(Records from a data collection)
● ● ●

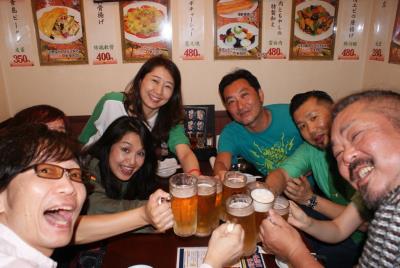 打ち上げ（乾杯）2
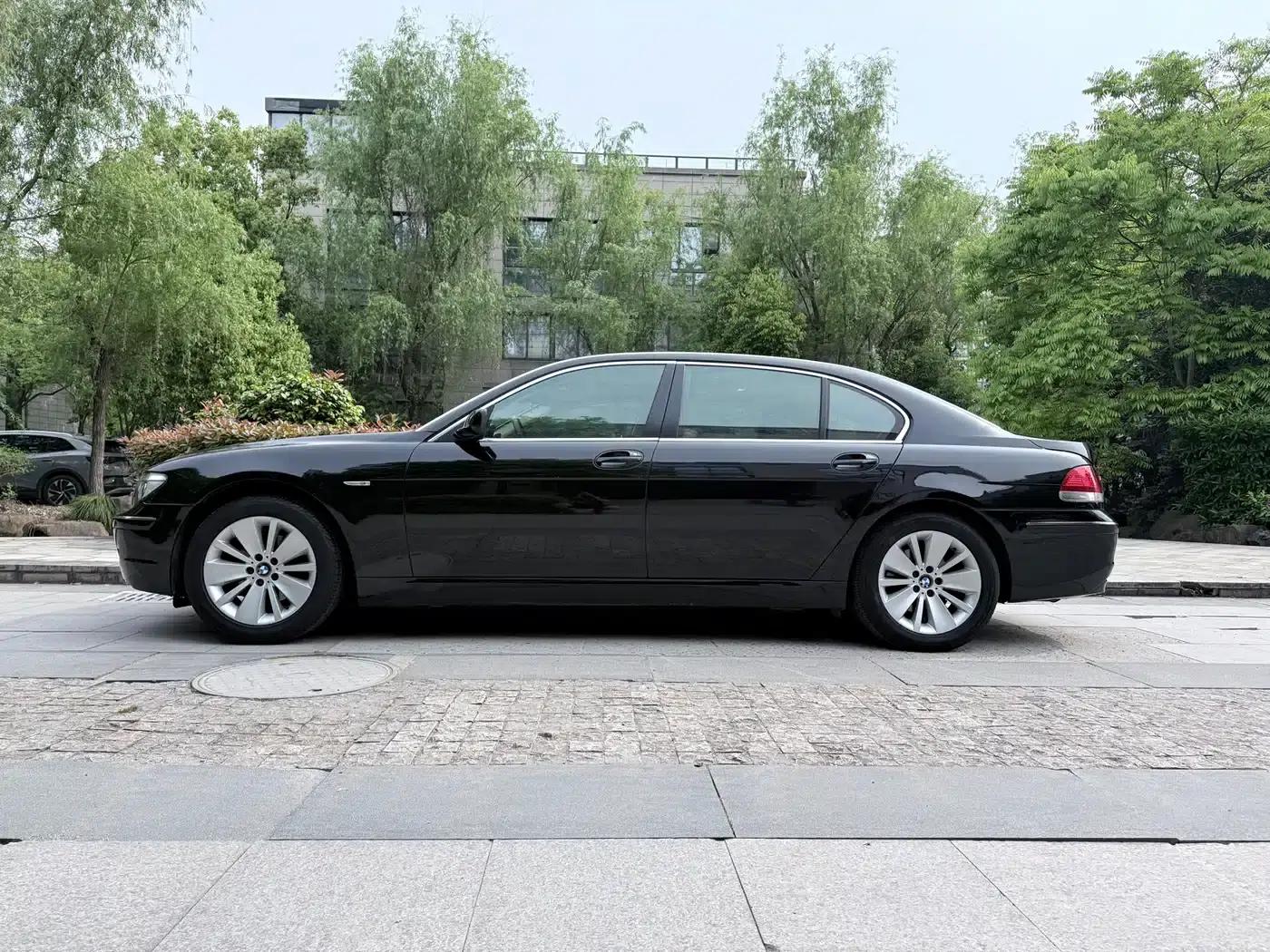 BMW 7 Series 2008 730Li Leading Edition — миниатюра 3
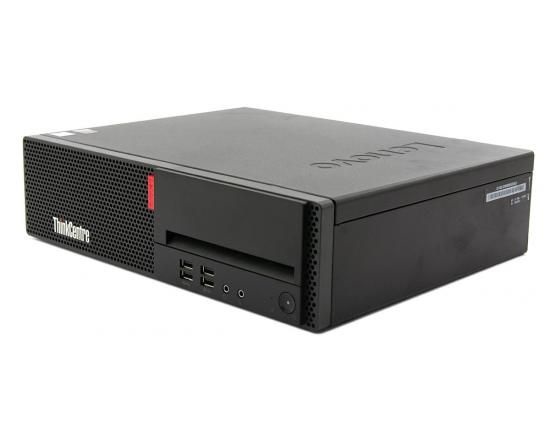 Lenovo ThinkCentre M910S SFF/i5-7500/8GB/256GB SSD/Win10 Pro/fekete asztali számítógép (Használt A+)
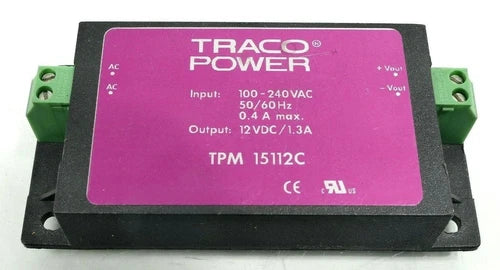 TRACO POWER Schaltnetzteil TPM 15112C | TPM15112C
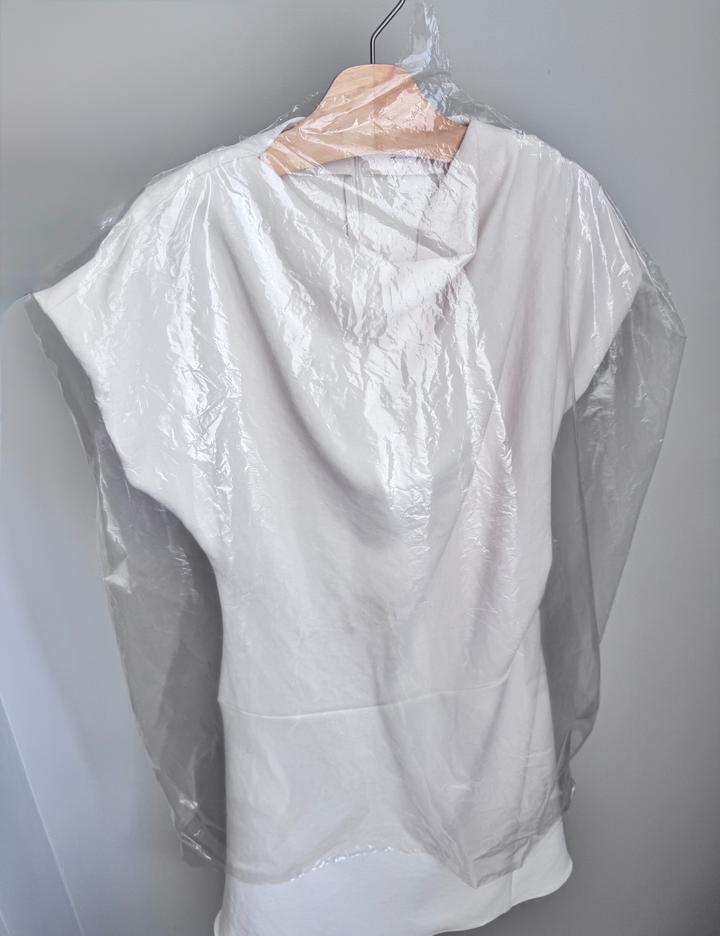 Белое платье zara
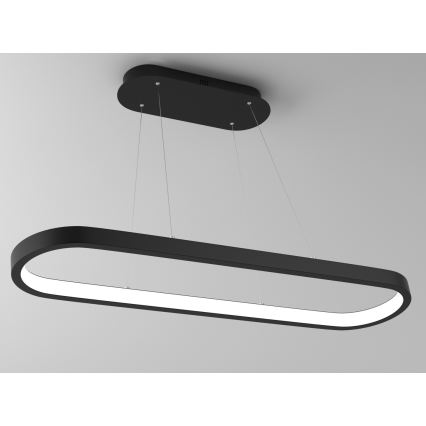 Immax NEO 07078L - LED dimmbare Hängeleuchte an Seil HIPODROMO LED/66W/230V Tuya + Fernbedienung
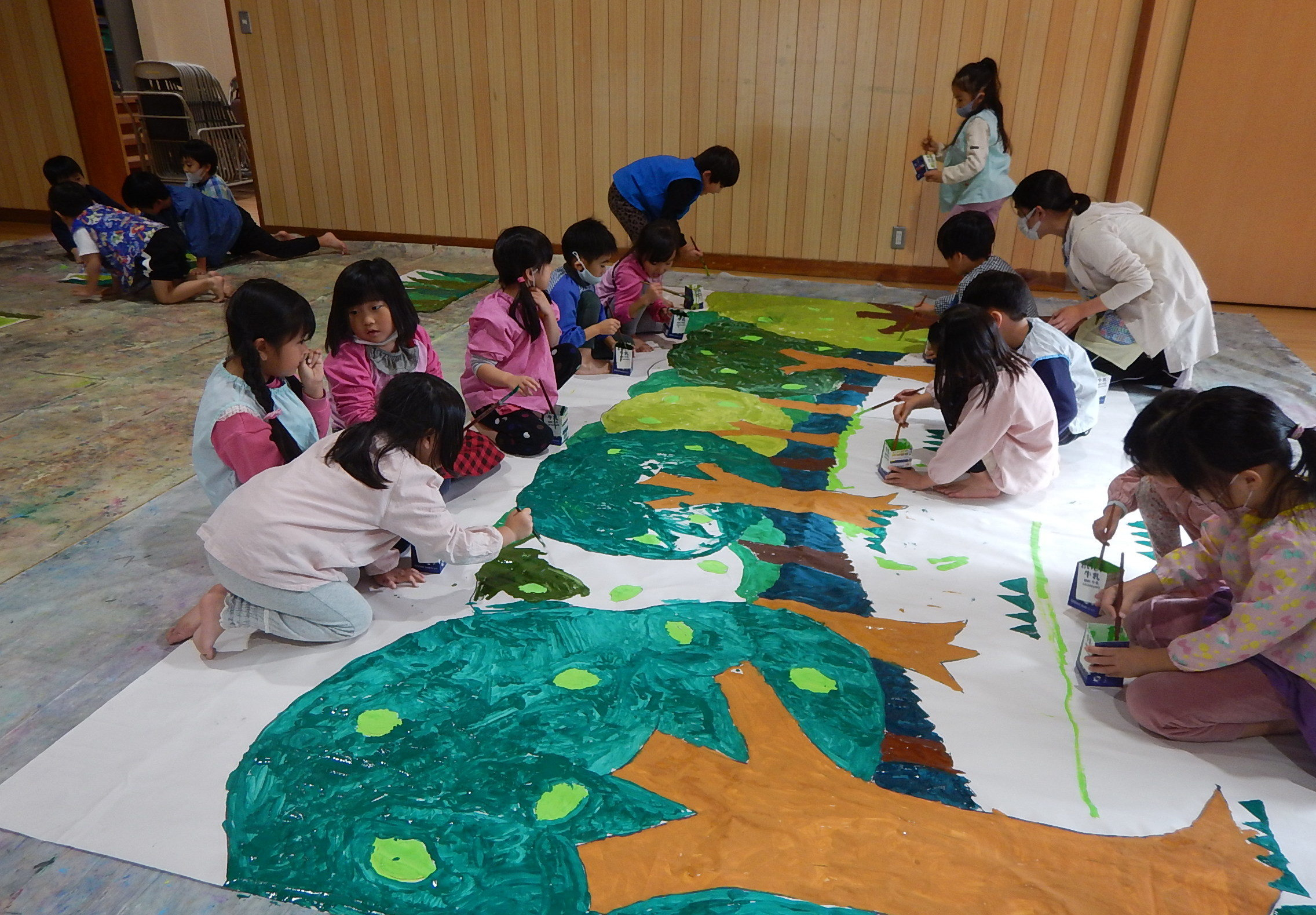 明照幼稚園の新園舎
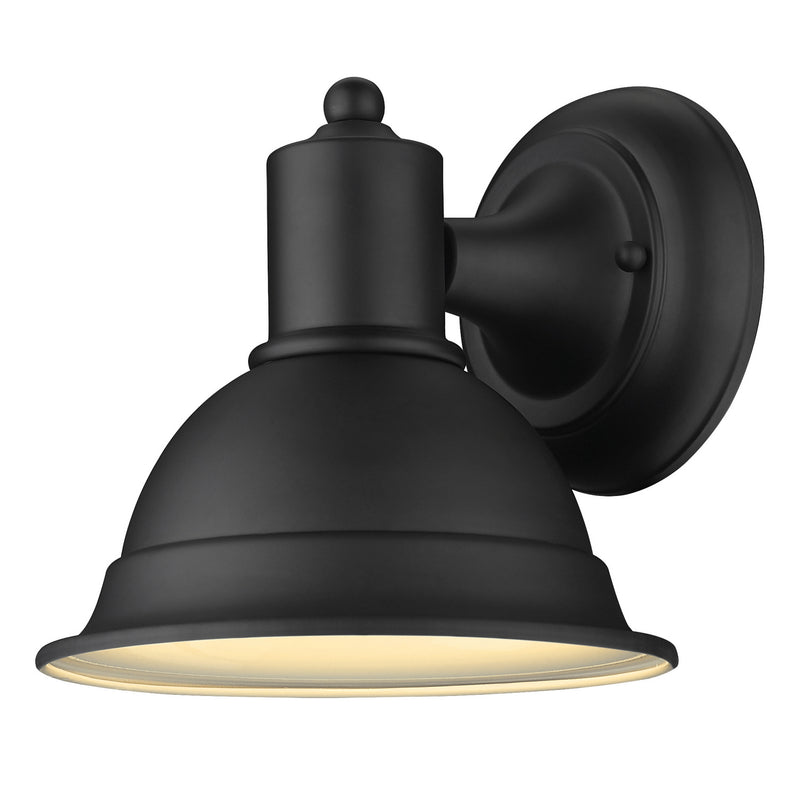 Acclaim Lighting 1500BK One Light Wall Sconce, Matte Black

● ● ●

**EXERCISE INSTRUCTIONS**
Write out each entry exactly as given, omitting any picture.

**ANSWER SPACE**
 打ち上げ（乾杯）2
 BMW 7 Series 2008 730Li Leading Edition — миниатюра 3
 Lenovo ThinkCentre M910S SFF/i5-7500/8GB/256GB SSD/Win10 Pro/fekete asztali számítógép (Használt A+)
 TRACO POWER Schaltnetzteil TPM 15112C | TPM15112C
 Белое платье zara
 Immax NEO 07078L - LED dimmbare Hängeleuchte an Seil HIPODROMO LED/66W/230V Tuya + Fernbedienung
 明照幼稚園の新園舎
 Acclaim Lighting 1500BK One Light Wall Sconce, Matte Black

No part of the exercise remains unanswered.